Stored data
+-------+

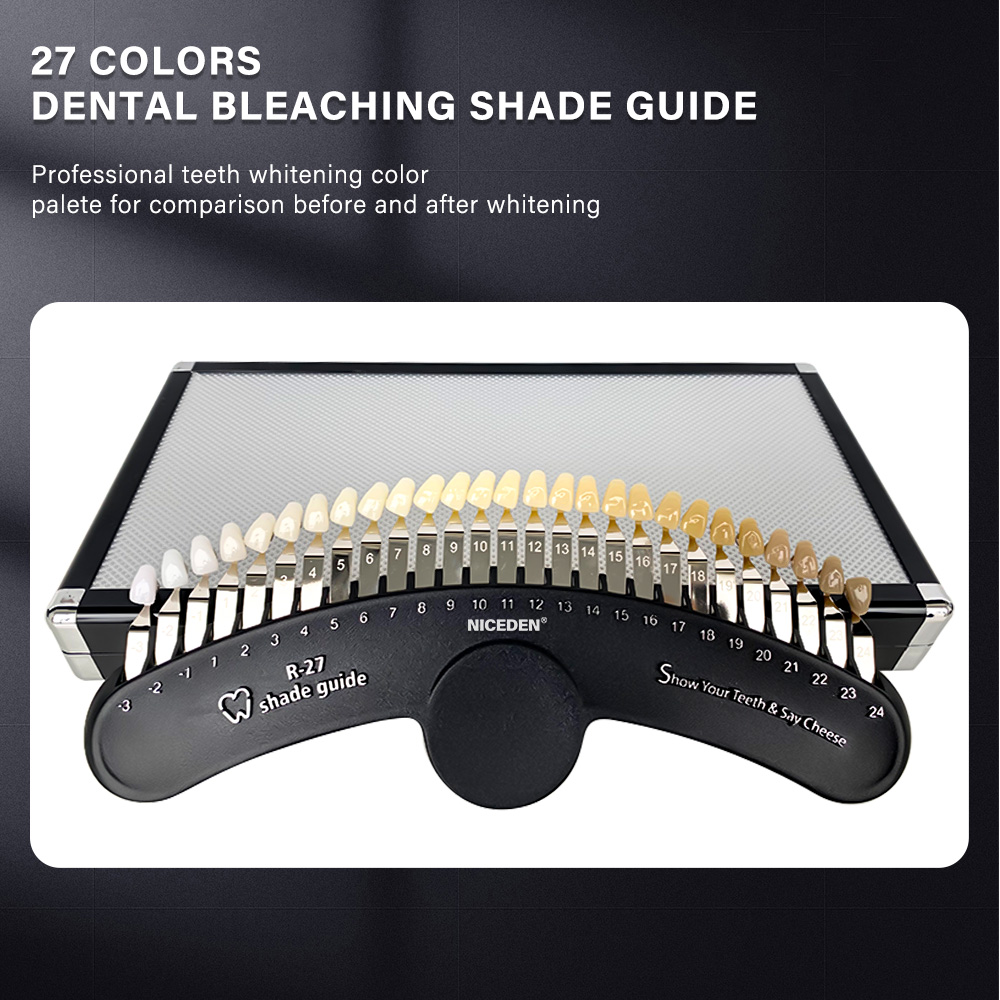 27 Colors Teeth Whitening set  - Teeth Whitening Shade Guide 评论和价格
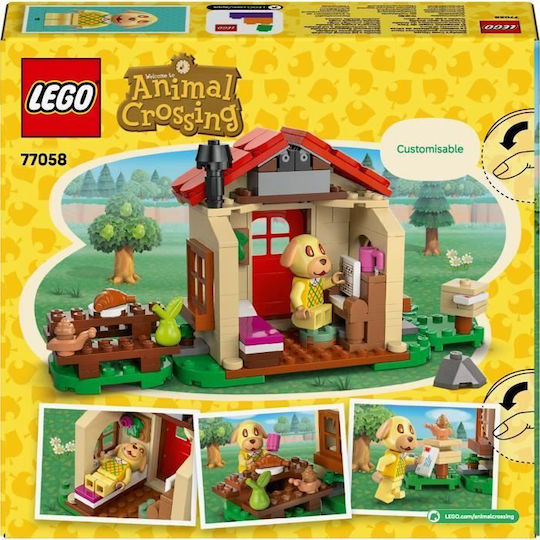 LEGO Animal Crossing Goldie's Cosy House за 6+ Години 149 Бройки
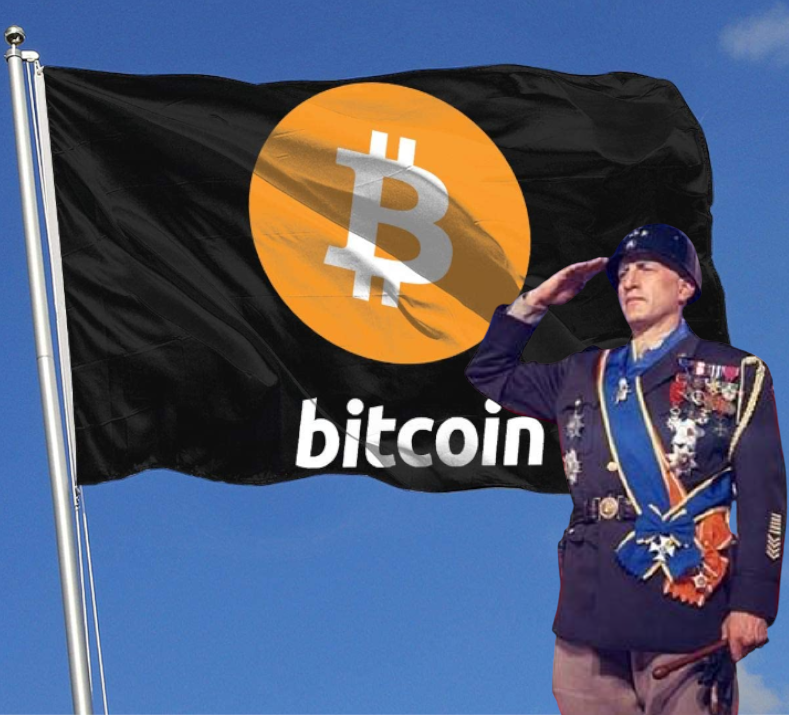 We Salute You Bitcoin Blank Meme Template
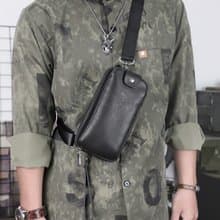 真皮快翻小包 小巧斜肩包 胸前包 隨身腰包 黑色 長款手拿錢包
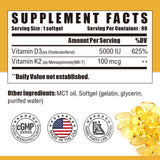 NUTRI POTENTIA con aceite MCT mejora absorción de D3 y K2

+-------+

Your answer must be an exact transcription of every entry, minus the pictures.

 27 Colors Teeth Whitening set  - Teeth Whitening Shade Guide 评论和价格
 LEGO Animal Crossing Goldie's Cosy House за 6+ Години 149 Бройки
 We Salute You Bitcoin Blank Meme Template
 真皮快翻小包 小巧斜肩包 胸前包 隨身腰包 黑色 長款手拿錢包
 NUTRI POTENTIA con aceite MCT mejora absorción de D3 y K2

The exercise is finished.